The Corner

I Forconi

The Guardian:

They blocked roads and stopped trains, occupied piazzas, clashed with police and closed shops. From Turin and Milan in the north to Puglia and Sicily in the south, Italy was hit this week by a wave of protests that brought together disparate groups and traditional foes in an angry show of opposition to austerity policies and the government.

“They [politicians] have brought us to hunger; have destroyed the identity of a country; have annihilated the future of entire generations,” read one poster from the “December 9 Committee”, an umbrella organisation urging Italians to rise up against the euro, Brussels, globalisation and, primarily, Enrico Letta’s government. “To rebel is a duty.”

In a loosely formed movement which has gone largely by the name of I Forconi (the Pitchforks), lorry drivers, farmers, small business owners, students and unemployed people staged protests venting their fury at a political class which they blame for Italy’s longest post-war recession and want to “send home”. But they were not alone. Alongside them were anti-globalisation groups, members of the Veneto Independence movement, elements of the far right and – for good measure – football “ultras”. Among the sights “rarely seen before”, reported the Turin-based daily La Stampa, were supporters of arch-rivals Juventus and Torino standing “side by side”. Although the protests had been publicised, especially on the internet, their scale and occasionally violent nature – particularly in Turin, a historic city of protest – appeared to take many by surprise.

Indeed. After all, the euro-zone crisis is “over” . . .

But what has been made clear by the Pitchforks protests, say analysts, is not just the depth of anger on the streets but a feeling that traditional politics – even after the dramatic election breakthrough of Beppe Grillo’s Five Star Movement – is not responding to their needs.
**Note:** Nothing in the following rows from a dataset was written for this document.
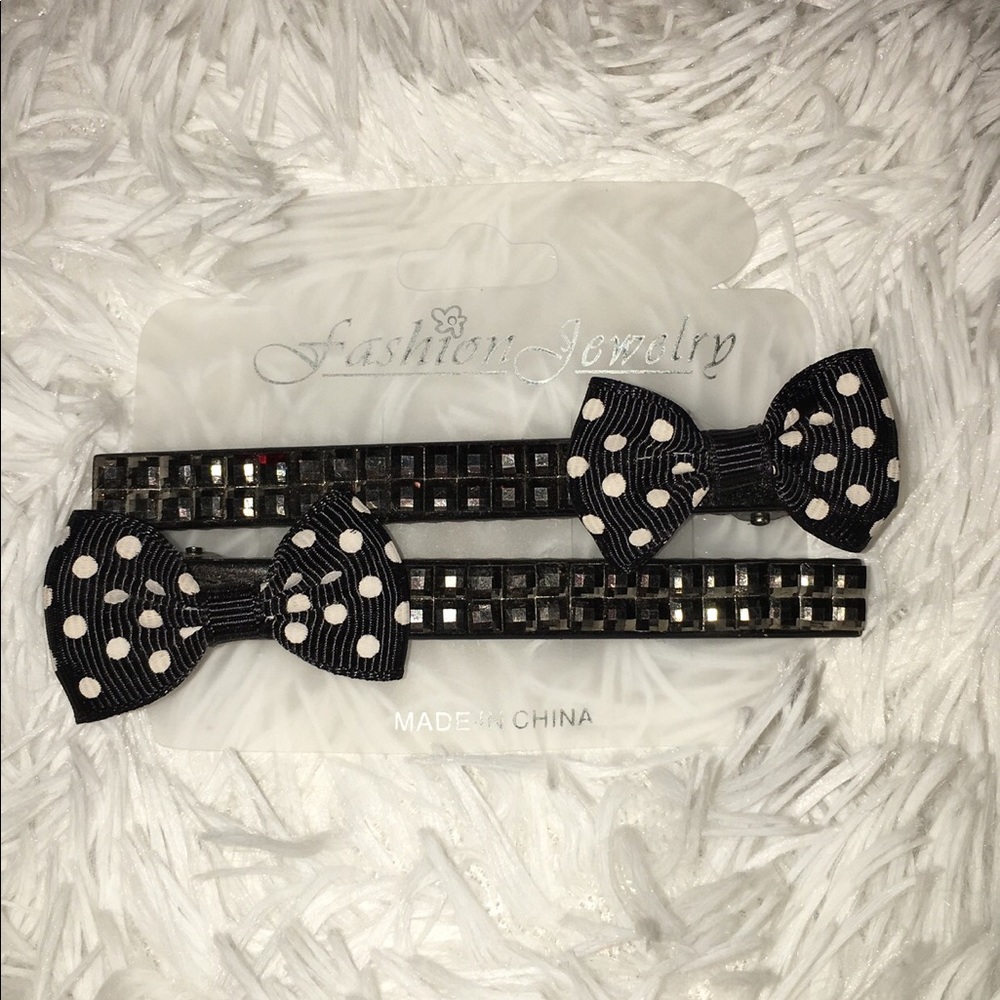 Black & Whit Hair clips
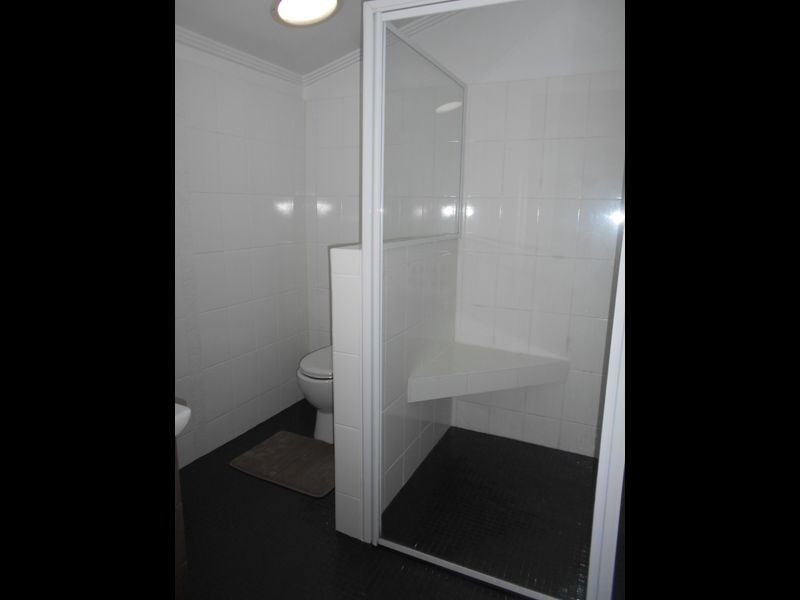 72 Akonna Street, Wynnum QLD 4178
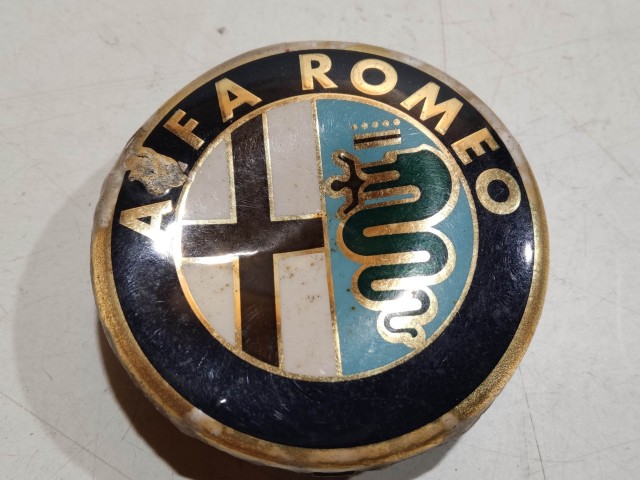 201957 Alfa Romeo 145,146, 147,156,166,Gt alufelni közép kupak a képen látható állapotban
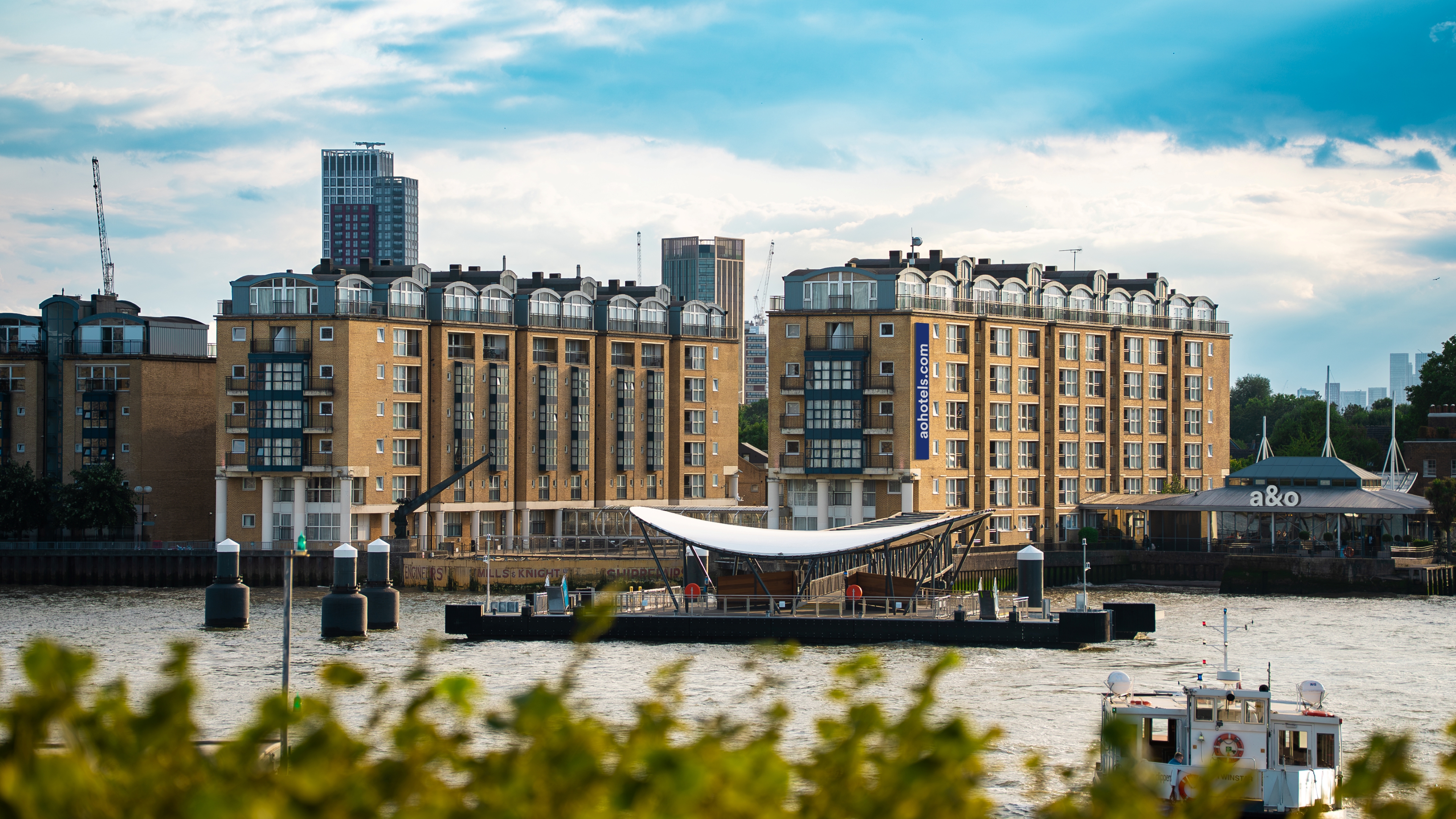 Aohotels London Docklands Facade 02 5MB
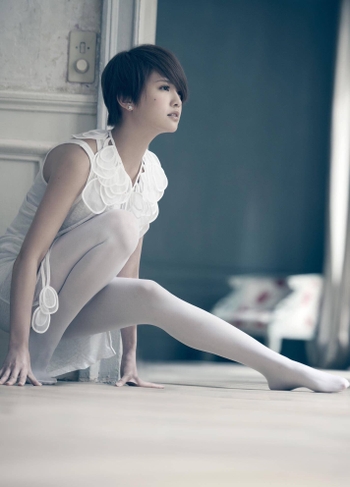 Rainie Yang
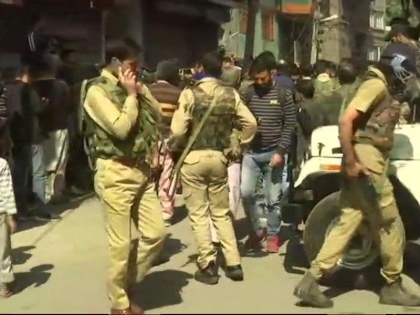 Jammu & Kashmir: Terrorists have lobbed a grenade at Police Station Sopore, 2 policeman injured | जम्मू-कश्मीर: सोपोर में आतंकियों ने पुलिस स्टेशन पर फेंका ग्रेनेड, 2 पुलिसकर्मी घायल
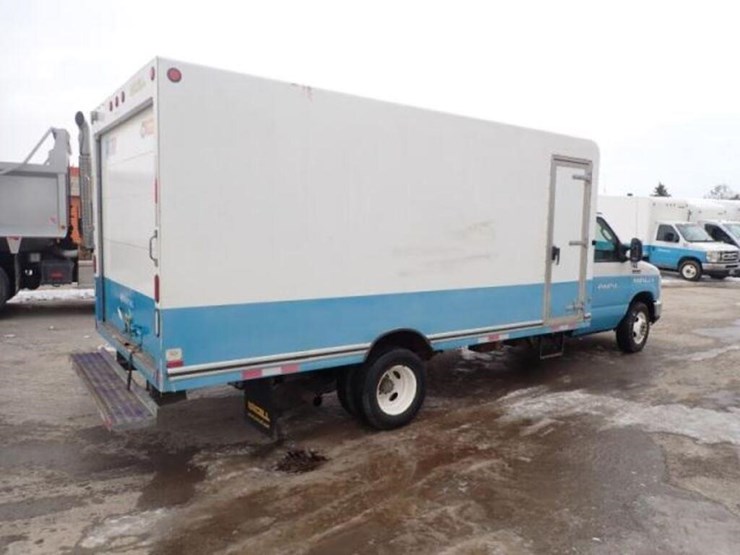 2009-ford-e450-image-6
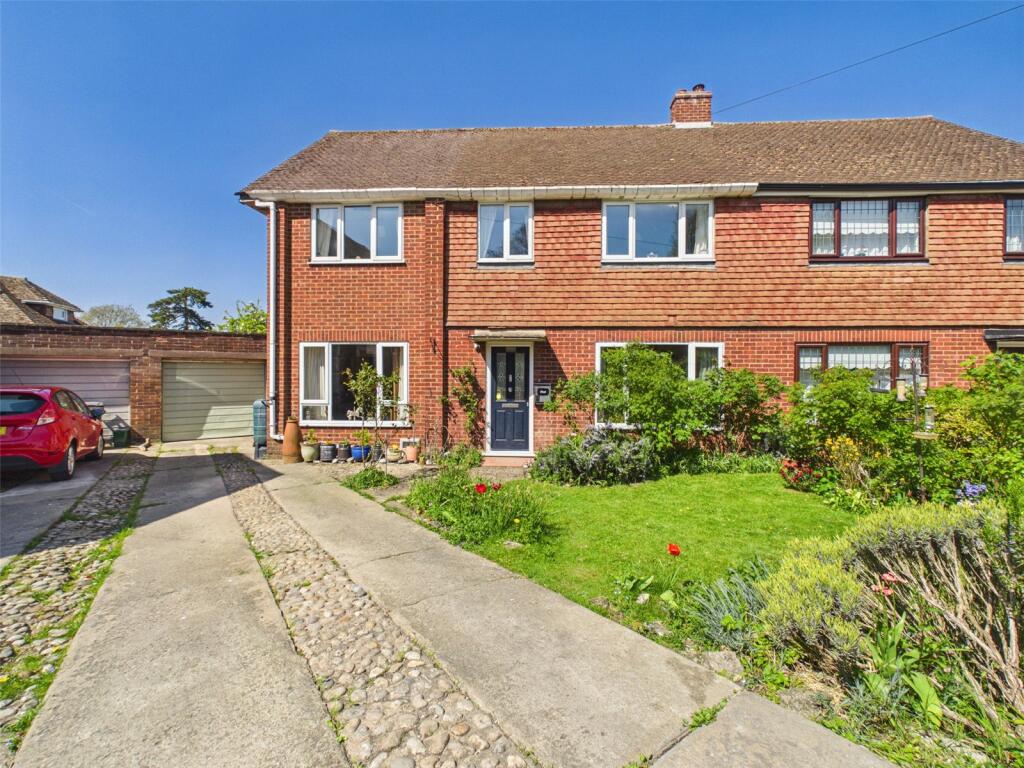 Main image of property: The Avenue, Chinnor, Oxfordshire, OX39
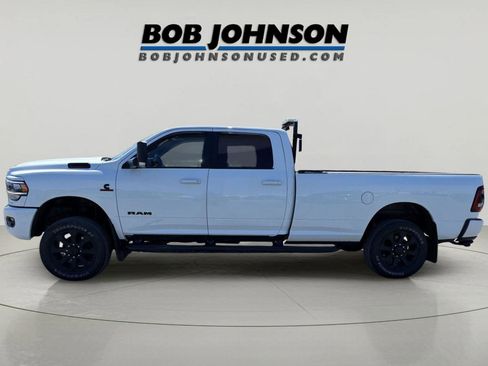 Used 2022 RAM 3500 Big Horn w/ Level C Equiment Group AWD/4WD image 6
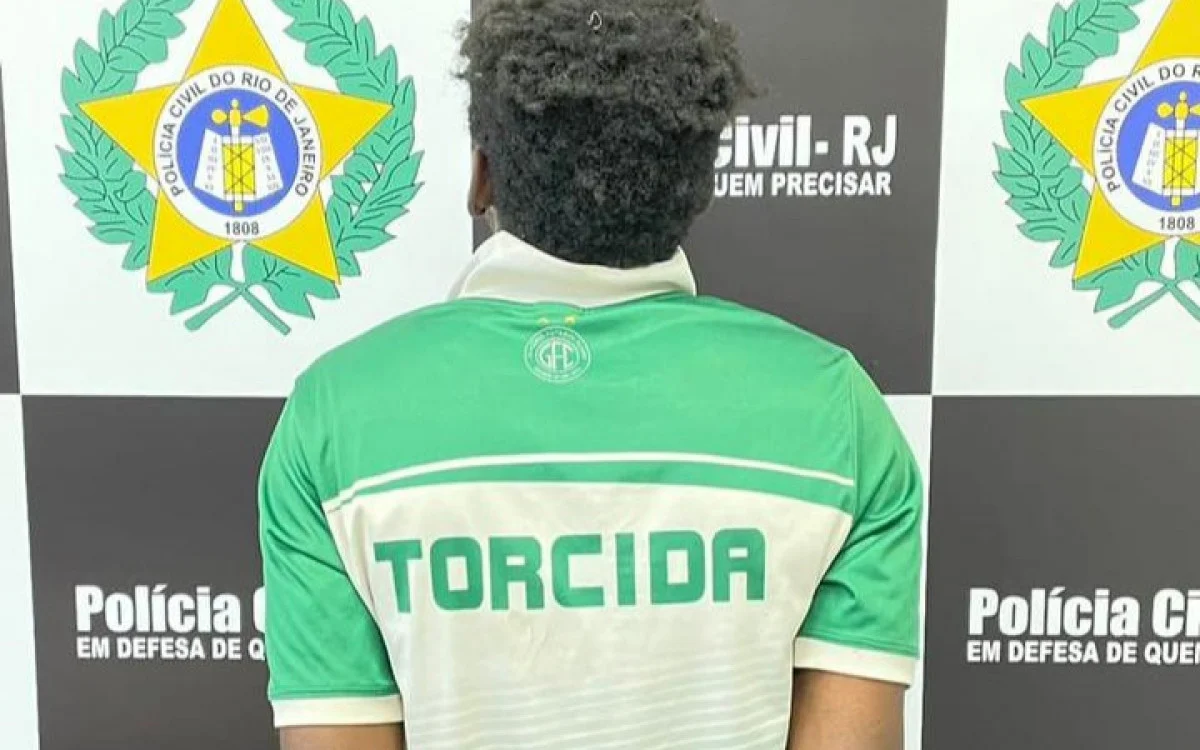 Homem foragido por roubo é preso em Macaé
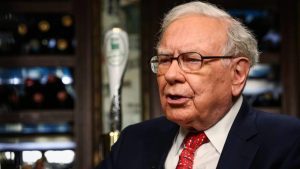 Warren Buffet Owns More Treasuries Than The Fed 1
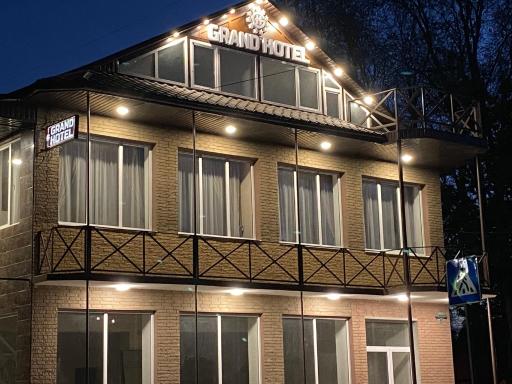 Grand Hotel - Housity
“These protests show Italy’s massive crisis of political representation,” said Duncan McDonnell, a political scientist at the European University Institute in Florence. “These people don’t feel that anyone’s actually listening to them … It really shows how there are big sections of Italian society that don’t feel represented by anyone – political parties, trade unions, interest groups or business.”

And they are not. The EU has hollowed out Europe’s national democracies, and these are the consequences.